# Dead Leaves



## jimmy123 (Feb 4, 2006)

Is There Anything I Can Do With Dead Leaves Which I Have Cut Off My Plant?? E.g. Use The To Nourish The Soil Or Can I Even Smoke Them?!?!

Cheers, Jimmy123


----------



## Mutt (Feb 4, 2006)

You do not want to put dead leaves in your soil. that would be bad. not much THC in the leaves. I wouldn't smoke it, just chuck em.


----------



## MMilitiaR (Feb 17, 2006)

hey, try selling them to some little kid, they usually listen to whatever they say, just say "these came straight from some haze i toked with clinton(yeah, the prez ", and theyd most likely empty mommys wallet for you?


----------



## MMilitiaR (Feb 17, 2006)

wait, fan leaves have no thc, so i guess not, and remember, the thinner the leaves, the stronger it is...


----------



## Hick (Feb 17, 2006)

> wait, fan leaves have no thc, so i guess not, and remember, the thinner the leaves, the stronger it is...









neither of those statements hold a shroud of truth. Though fan leaves have a lesser content than the flowers, they do contain thc.
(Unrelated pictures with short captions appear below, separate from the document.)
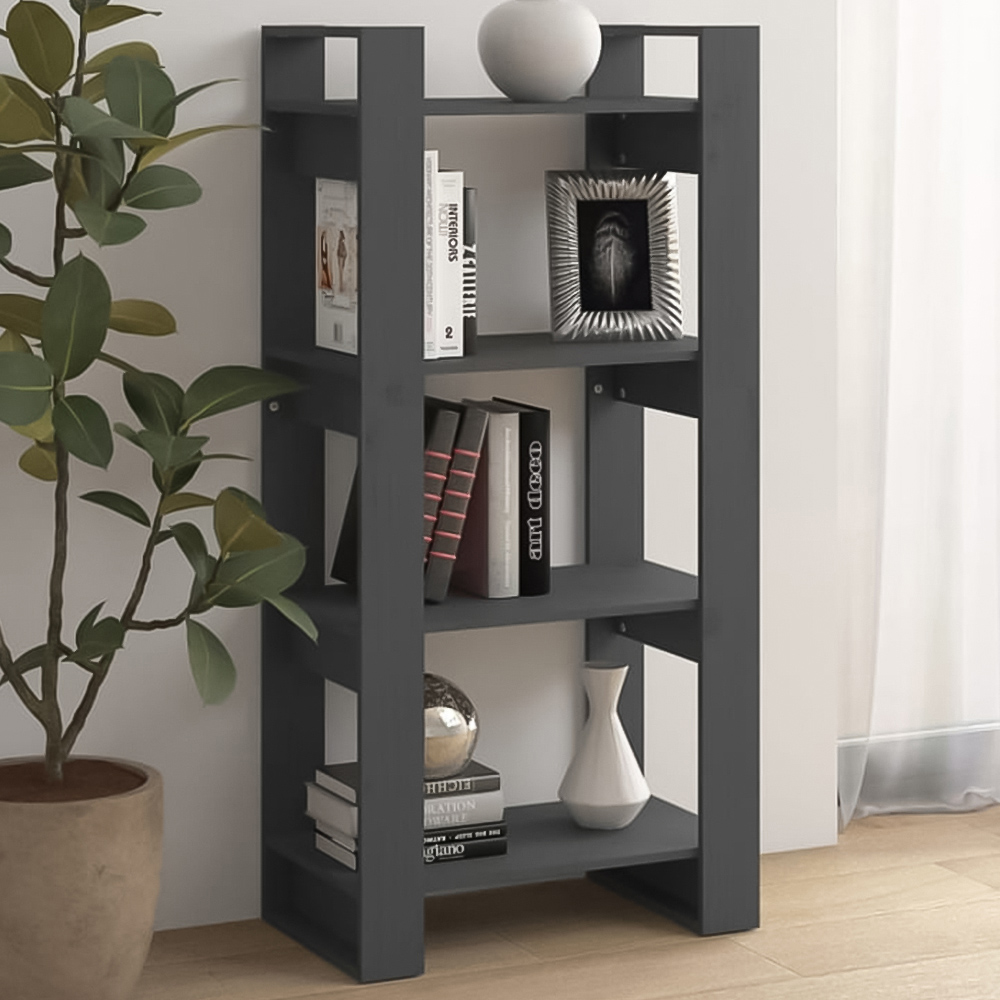 vidaXL 4 Shelf Grey Solid Wood Bookcase Image 1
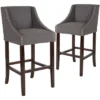 Emma And Oliver 2 Pk. 30" High Transitional Walnut Barstool With Accent Nail Trim
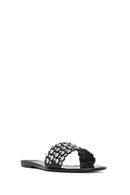 Women's Black Stone Jelly Slippers | Derimod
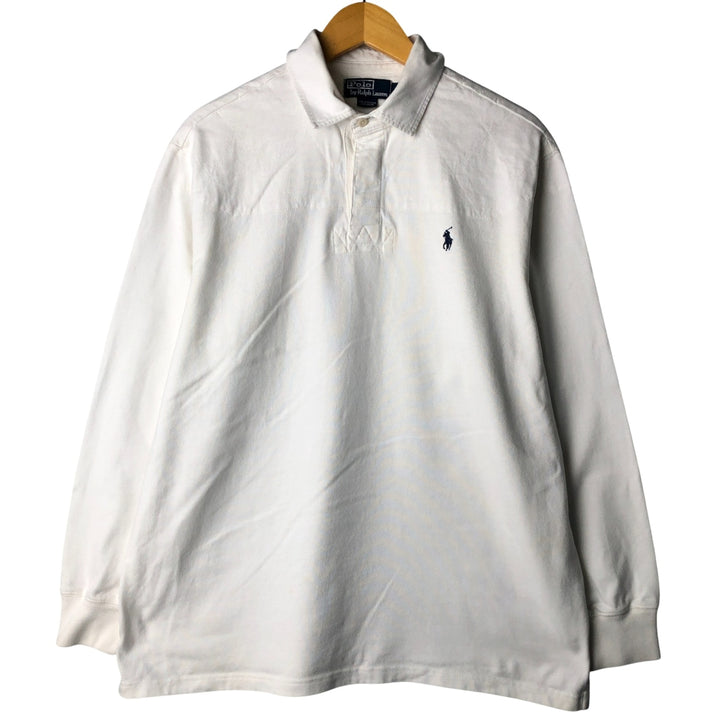 Ralph Lauren POLO by Ralph Lauren long sleeve rugby shirt, men's size L cotton white type Vintage Second Hand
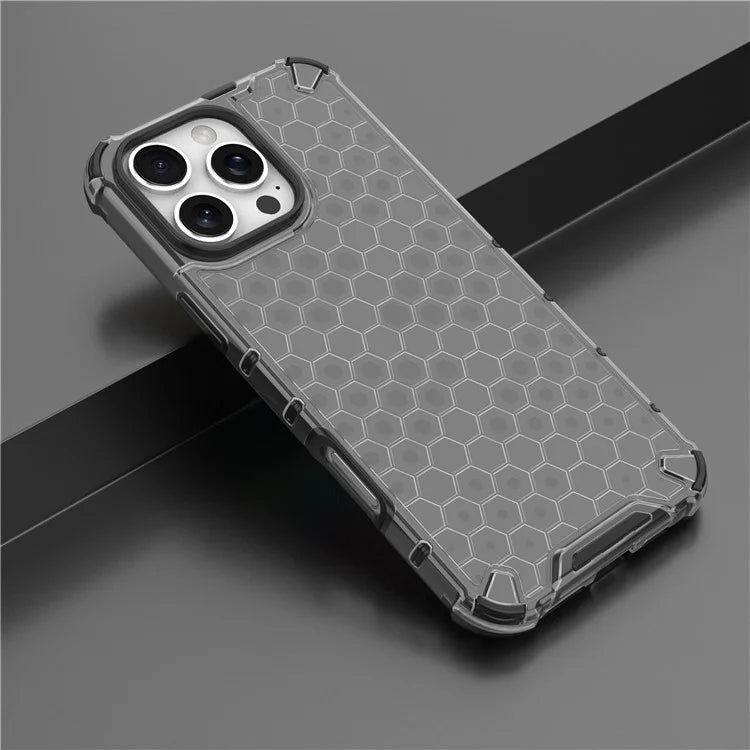 For iPhone 16 Pro Max Case PC+TPU Phone Cover Honeycomb Shape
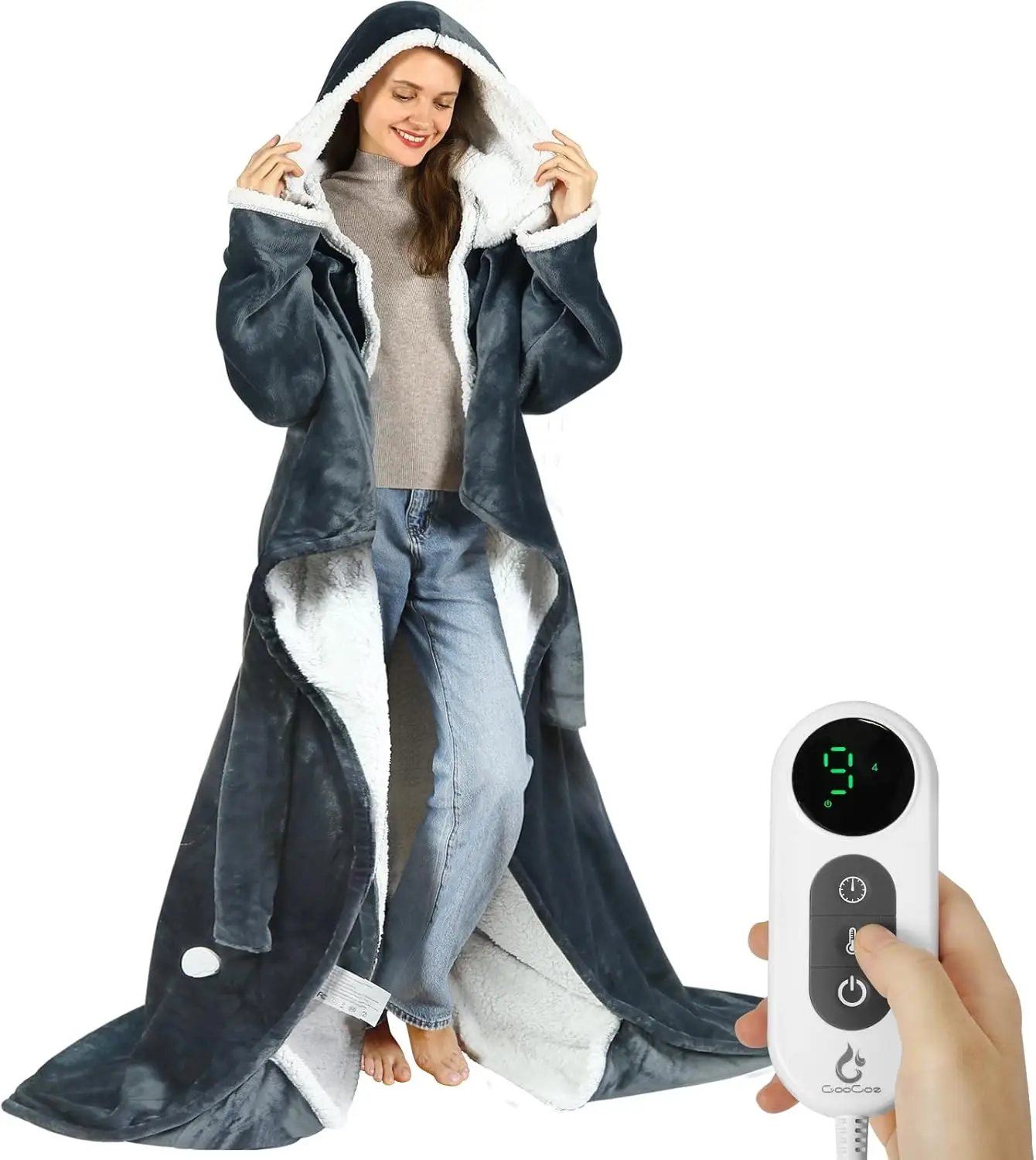 

Wearable Heated Blanket with Foot Pockets, Sleeves, Hood, Waist Belt - 50"x70" Electric Heating Throw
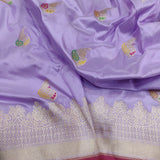 Lavender Color Katan Silk Handwoven Banarasi Saree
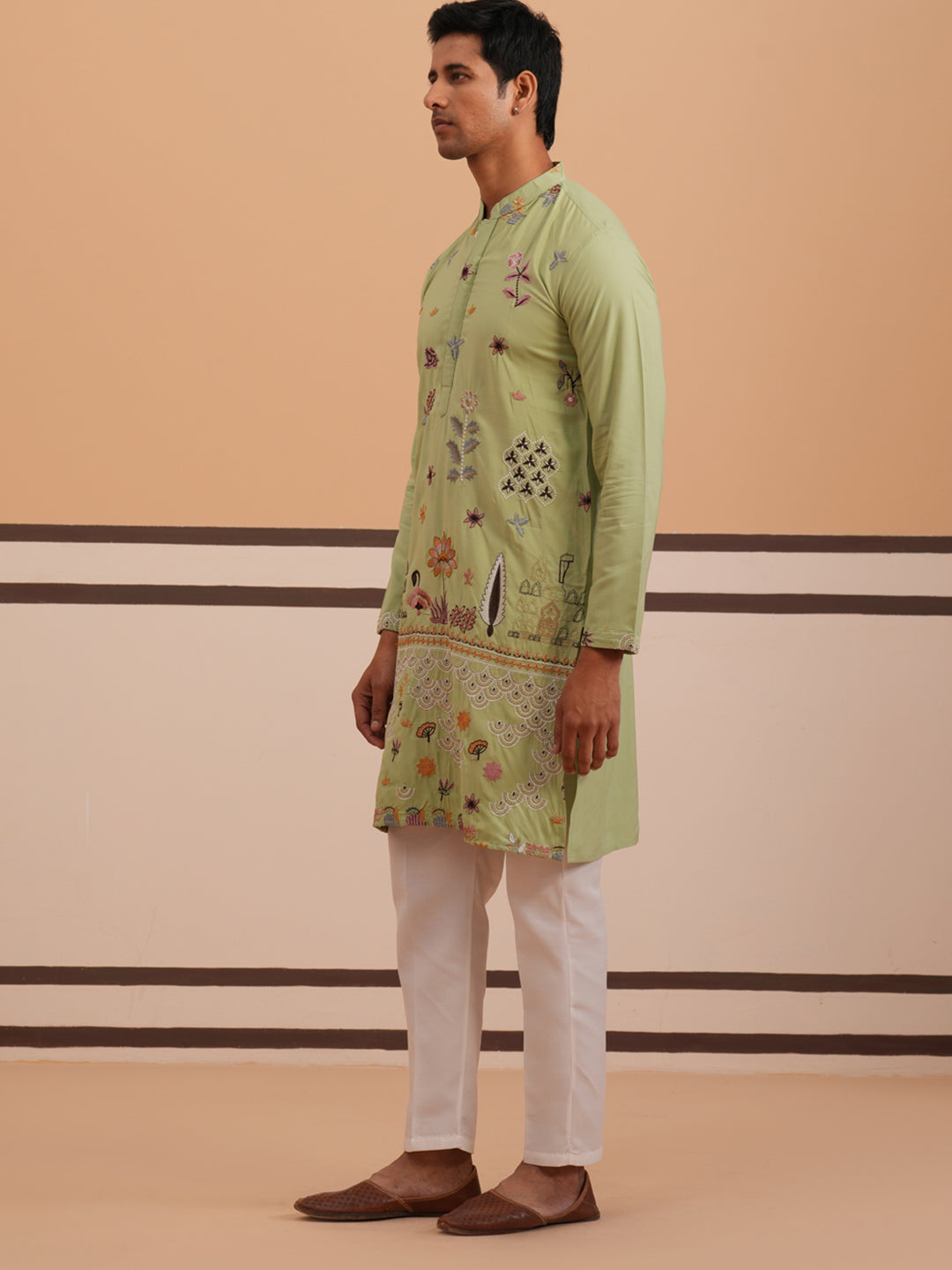 Floral Embroidered and Sequins Kurta Set ( JOKP P 5140 P 5140Pista ) [FF] [D-5-6 & C5-6]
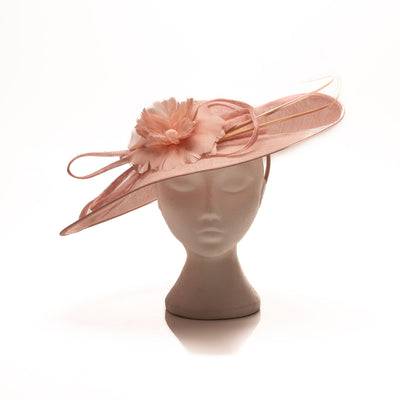 Pink Wide Fascinator with Flower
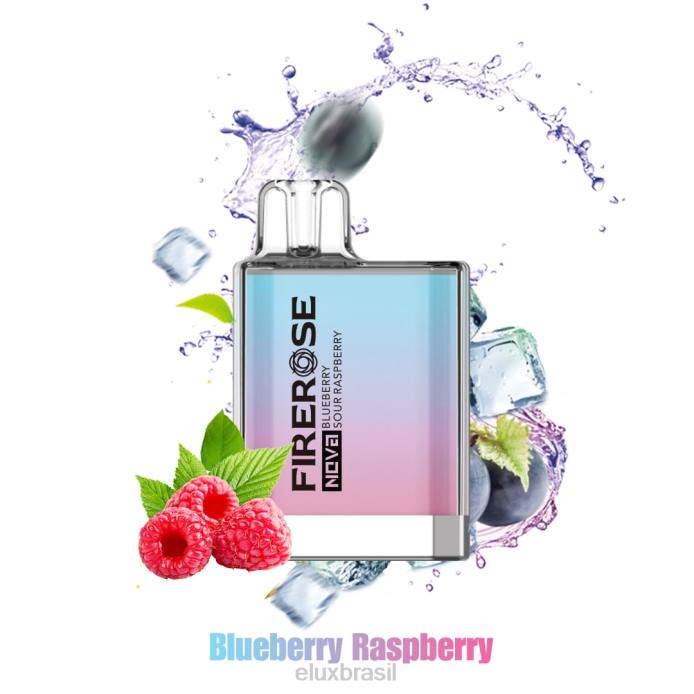 Elux Firerose Nova framboesa azeda de mirtilo Vape descartável de 600 baforadas D62822 | Elux Vape Brasil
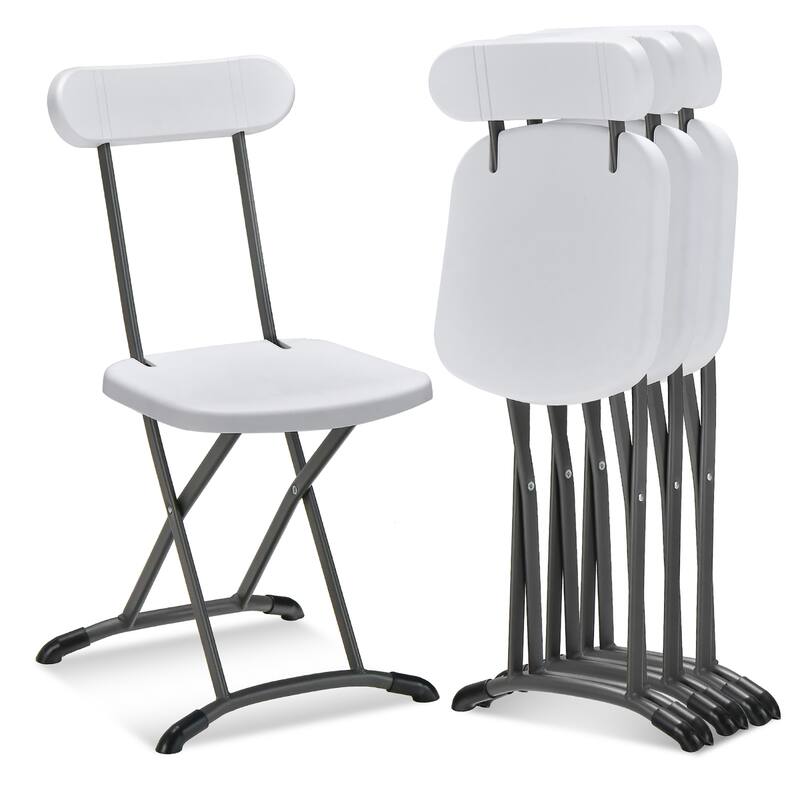 Gymax 4-Pack Folding Chair w/ Metal Curved Feet Wide Seat & Ergonomic - White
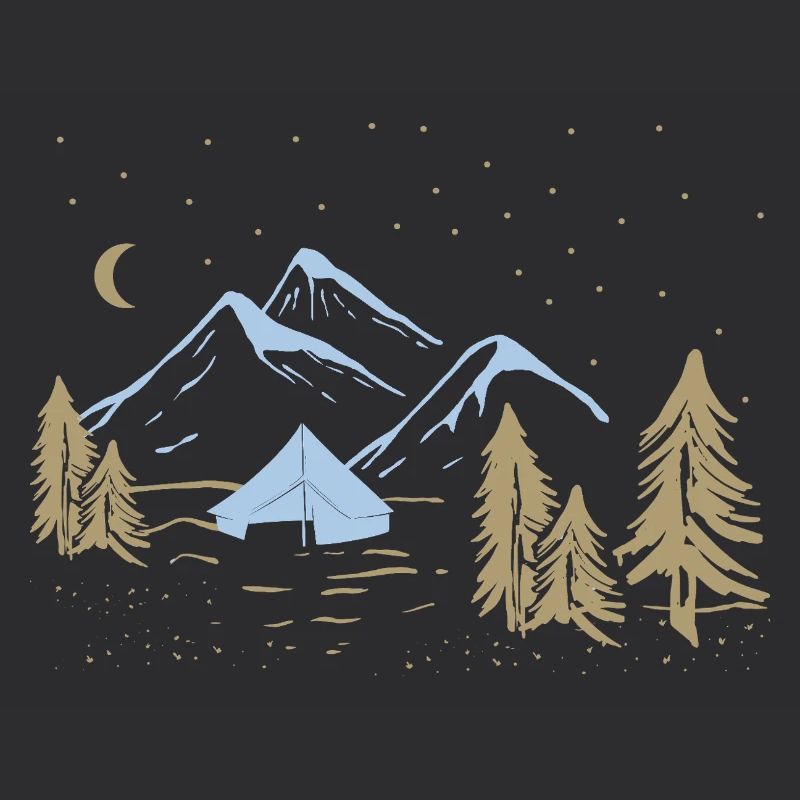Night Mountain Camping Scene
The shape of a leaf is indicitive of ancestory(sativa/indica) but bears no indication of potency.


----------



## skunk (Feb 20, 2006)

hey guys you know i have to put a word in this 1 . jimmy you can smoke the leaves and get a decent buzz like hick said it does have a thc content in it but not camparible to the flower itself . but my friend that does it i do have a hard time talking tohim while hes smoking them because the harshness of them . if you want to smoke the leaves youre better bet would be to smoke the little leaves that are trimmed of the bud while waiting on the bud to dry out. now i will tell you myself them lil leaves are worth while on saving for hard times. they do get me high as hell . now that that is said i totally disagree with that statement militia . i hope you was joking about selling them to little kids . that is not only a poor strategy to get kids to rob there parents but it is also a good way to get snitched on when kids get caught and confronted by the parents and the leo .i have plenty more to say about that subject and im sure every adult in here with kids does but i will lay off of your poor sence of humor. atleast i hope that is what it was and you wasnt serious.


----------



## Mutt (Feb 20, 2006)

I gotta question.

I know the leaves around the flowers would be worthwhile. But the large bottom fan leaves (without the crystals on it) can get you high too??? I never even thought of trying it. I will next time if its worth it.


----------



## skunk (Feb 20, 2006)

i personally dont smoke the big fan leaves my buddy nosmoke does it for me . i pick every dead leaf and give it to him . his reply when asked is it is a hell of alot better than nothing at all. but as far as that goes it is less potent than the smaller leaves i use to pay decent money for them babies like $50 an ounce. but honestly never tryed the bigger ones .


----------